■ **TASK INSTRUCTIONS**: Set down each line from the start of the material exactly, please, up to and including the one that contains "Evo R4 Icone".

[MATERIAL PROVIDED Boundary: Start]

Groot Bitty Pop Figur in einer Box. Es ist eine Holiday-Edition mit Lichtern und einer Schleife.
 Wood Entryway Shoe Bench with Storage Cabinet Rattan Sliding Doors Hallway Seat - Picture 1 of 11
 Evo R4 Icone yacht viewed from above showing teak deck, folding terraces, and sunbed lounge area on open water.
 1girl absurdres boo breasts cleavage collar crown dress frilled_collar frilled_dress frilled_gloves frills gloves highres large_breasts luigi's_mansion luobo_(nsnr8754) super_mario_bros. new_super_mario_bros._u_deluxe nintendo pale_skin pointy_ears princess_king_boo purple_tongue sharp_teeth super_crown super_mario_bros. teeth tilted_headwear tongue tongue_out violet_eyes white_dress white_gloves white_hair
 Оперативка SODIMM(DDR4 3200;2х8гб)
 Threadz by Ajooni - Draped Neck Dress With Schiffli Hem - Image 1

[MATERIAL PROVIDED Boundary: End]

■ **RESPONSE TO THIS TASK**:
Groot Bitty Pop Figur in einer Box. Es ist eine Holiday-Edition mit Lichtern und einer Schleife.
 Wood Entryway Shoe Bench with Storage Cabinet Rattan Sliding Doors Hallway Seat - Picture 1 of 11
 Evo R4 Icone yacht viewed from above showing teak deck, folding terraces, and sunbed lounge area on open water.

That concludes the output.